◆ PROBLEM STATEMENT
With the material below, print exactly the lines between the line holding "Vila Blusa manga" and the line holding "Wholesale Round At", inclusive. Add nothing else.

◆ PROVIDED DATA
[Start of Attachment]
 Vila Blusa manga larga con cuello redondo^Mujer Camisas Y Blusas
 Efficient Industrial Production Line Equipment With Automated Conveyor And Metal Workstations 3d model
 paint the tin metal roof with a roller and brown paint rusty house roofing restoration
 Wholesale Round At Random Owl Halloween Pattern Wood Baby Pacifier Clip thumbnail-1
[End of Attachment]
[Start of Attachment]
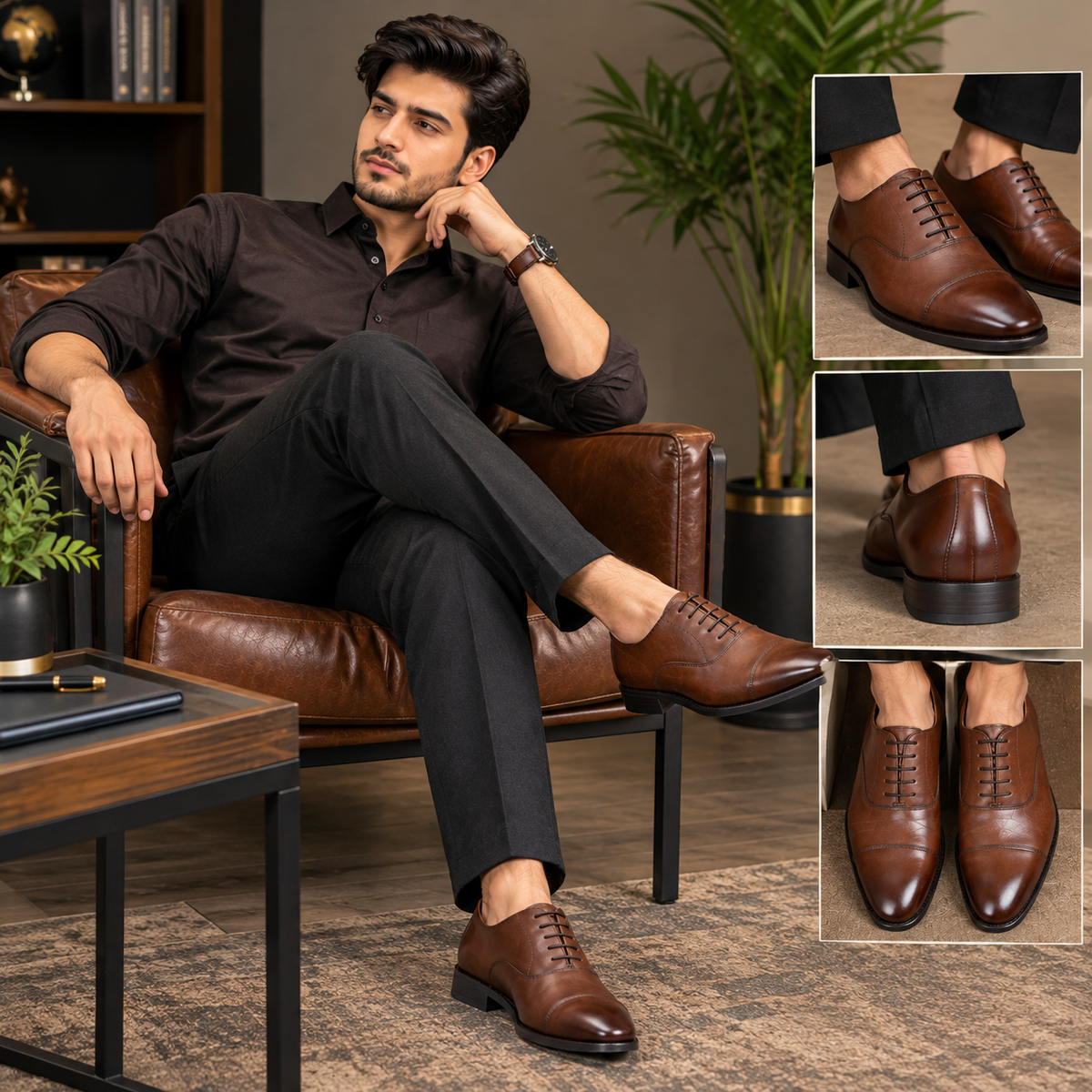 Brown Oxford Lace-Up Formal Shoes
[End of Attachment]
◆ TASK OUTPUT
 Vila Blusa manga larga con cuello redondo^Mujer Camisas Y Blusas
 Efficient Industrial Production Line Equipment With Automated Conveyor And Metal Workstations 3d model
 paint the tin metal roof with a roller and brown paint rusty house roofing restoration
 Wholesale Round At Random Owl Halloween Pattern Wood Baby Pacifier Clip thumbnail-1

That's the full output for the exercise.